The pump side of the Pump and Dump process is just paying some people to hype the coin. It is possible that they might also put in high priced buy orders to help that along at the same time. But because the amount required to affect the price is much less than its percentage of the market cap, this can be very effective.

As for speculation that for Bitcoin this was caused by futures-market traders, that is very hard to prove. It is true that these traders would have been purchasing some coin to offset their risks. But it seems unlikely to me that they would have done that before they got a lot of nods from regulatory approvers. And that didn't come until fairly late into 2017 when the price was already quite high. So for them to be selling for a profit during the final dump seems unlikely to me.

It is equally as possible that one or more of the bitcoin whales out there chose the date because it was a date when there was certain to be a lot of interest in Bitcoin, keeping the price higher as they began to sell. They may have even hoped that a big news day like that might drown out noise of a dump for a bit longer and make the market slower to react.

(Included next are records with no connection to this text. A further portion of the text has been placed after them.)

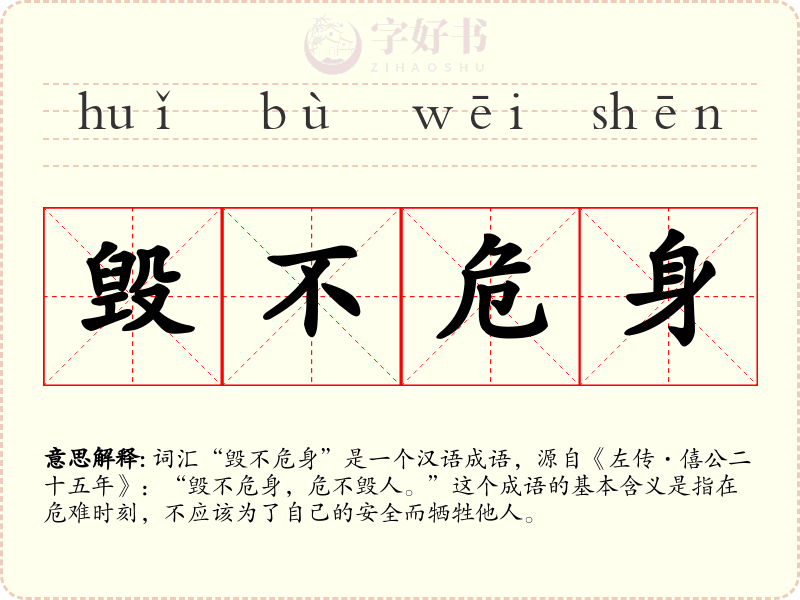 毁不危身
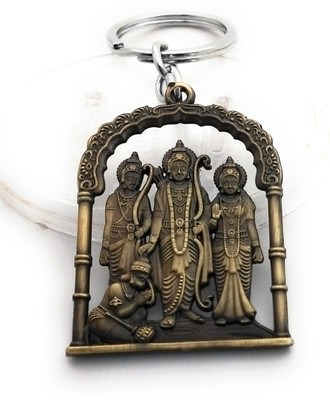 High Choice Jai Shree Ram Family Metal Key Chain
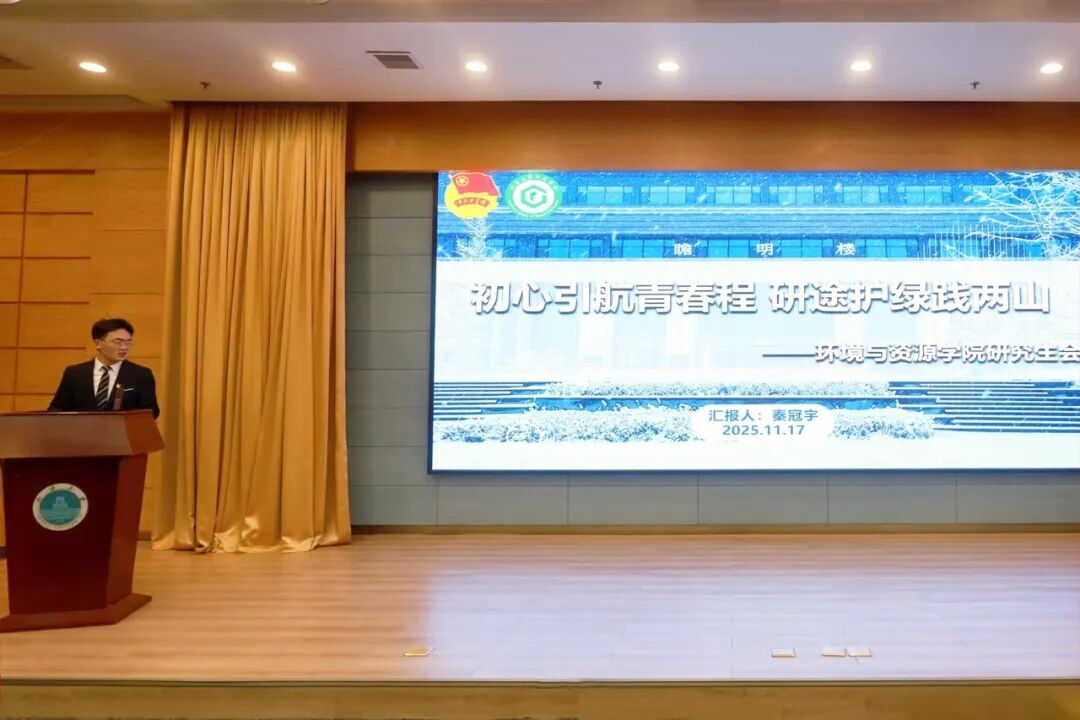J9集团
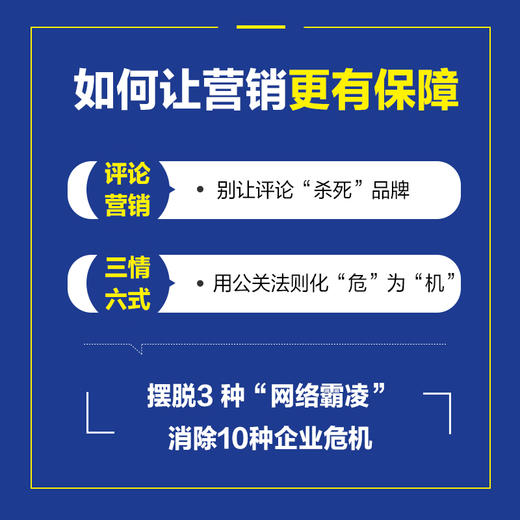 营销内核：市场、*牌、消费者深层次洞察与创意策划 商品图3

But that is all speculation.

Finally, a large part of the correction could be natural. Bitcoin experienced an extreme spike in value that year. Previously, predictions that it would breach the US$1,000 mark were met with laughter and scepticism. So to see the correction keep the value of the coin so high above its long-term average makes it look like Bitcoin has recognised value, but not as high as the speculators in late 2017 had hoped.

Thank you so much for taking out time to explain this to me! Thanks, mate. Best damn ELI5 I have read in a while no doubt.

I now understand that a cryptocurrency's current price is determined by historical prices at which it was traded, right?

It's not all clear to me, though. Hoping you will be gracious enough to spend a few minutes and answer some of my questions. I welcome input from everyone as well. So here are the questions

  • How do traders undercut each other? Let's say I am a trader, and I wish to lower my price for my coins by 30%, how will I communicate to the market that I am selling at -30% of current prices?

  • Do exchanges have a bidding system where buyers and sellers haggle on the price before an exchange of value takes place?

  • Since current price is a function of past prices, how do the exchanges gather sales figure/data from all over the blockchain in order to arrive at pricing?

  • Here's a scenario playing out in my head: let's suppose a group of investors who hold 30% of x coin, and do not have their funds in exchanges but for some reason decide to sell their coins through, say, a network of friends in face to face transactions, from cold wallet to another cold wallet, receiving fiat for their coins: how this impact on the overall price of x coin?

  • My goal for asking the last question is to understand how the sale of tokens can affect prices especially in situations where exchanges are blind to those transactions.